### Task objective
Every line from the one with "VitrA Istanbul Zweigriff-Waschtischarmatur" through the last line below should be repeated exactly; pictures stay out of the copy.

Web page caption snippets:
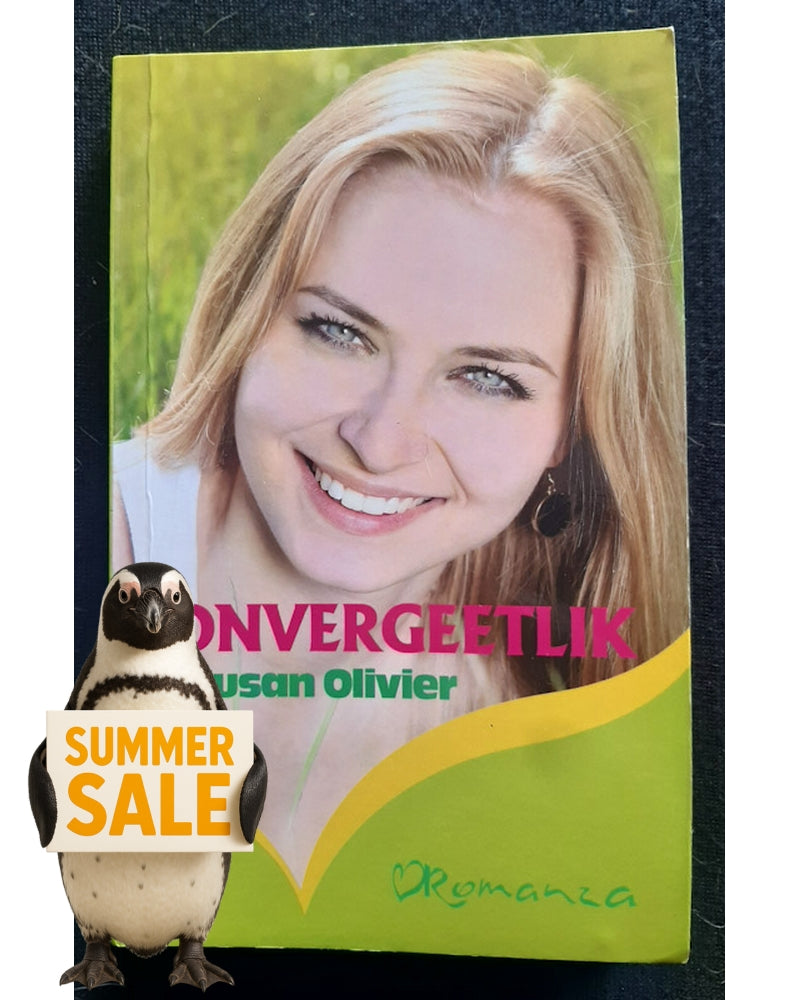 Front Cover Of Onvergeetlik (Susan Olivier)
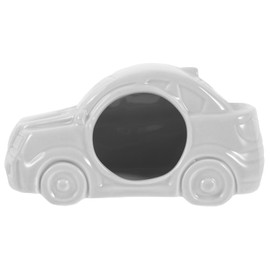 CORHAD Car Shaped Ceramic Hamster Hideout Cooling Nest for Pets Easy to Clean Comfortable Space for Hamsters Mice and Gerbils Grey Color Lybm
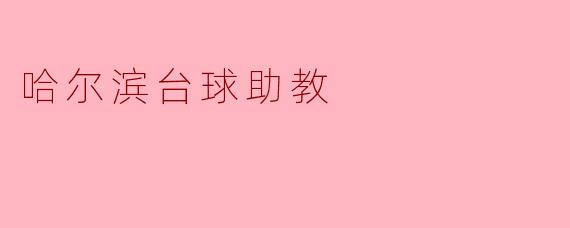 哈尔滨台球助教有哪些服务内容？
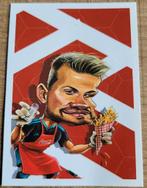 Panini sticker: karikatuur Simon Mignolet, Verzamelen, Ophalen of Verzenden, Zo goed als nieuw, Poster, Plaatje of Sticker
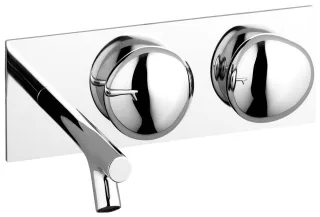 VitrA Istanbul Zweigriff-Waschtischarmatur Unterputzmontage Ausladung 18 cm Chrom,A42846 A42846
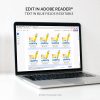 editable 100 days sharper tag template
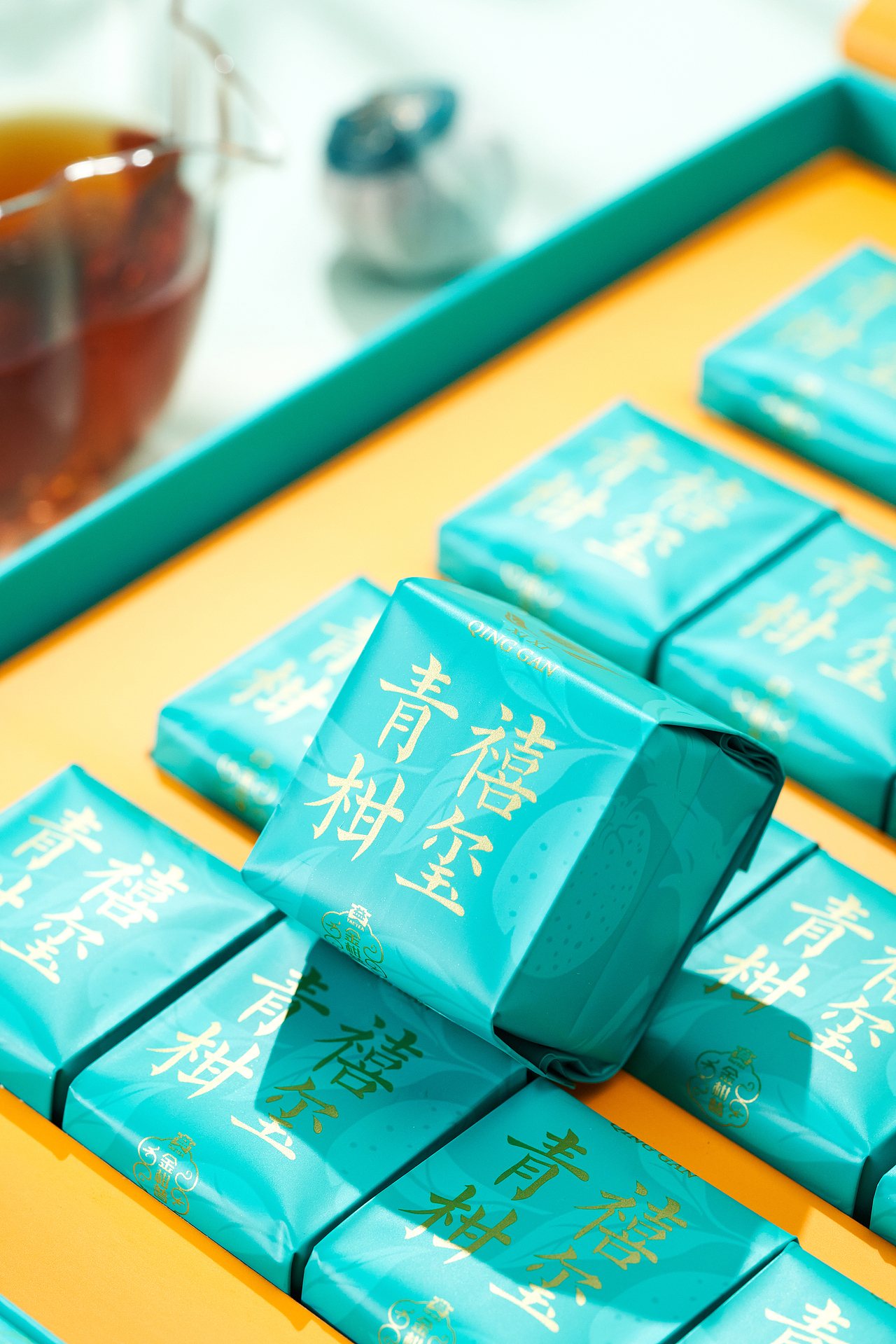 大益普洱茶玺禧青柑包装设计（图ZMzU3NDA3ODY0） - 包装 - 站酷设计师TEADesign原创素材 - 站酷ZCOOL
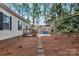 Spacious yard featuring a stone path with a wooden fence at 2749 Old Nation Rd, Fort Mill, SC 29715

### Solution to this task
 VitrA Istanbul Zweigriff-Waschtischarmatur Unterputzmontage Ausladung 18 cm Chrom,A42846 A42846
 editable 100 days sharper tag template
 大益普洱茶玺禧青柑包装设计（图ZMzU3NDA3ODY0） - 包装 - 站酷设计师TEADesign原创素材 - 站酷ZCOOL
 Spacious yard featuring a stone path with a wooden fence at 2749 Old Nation Rd, Fort Mill, SC 29715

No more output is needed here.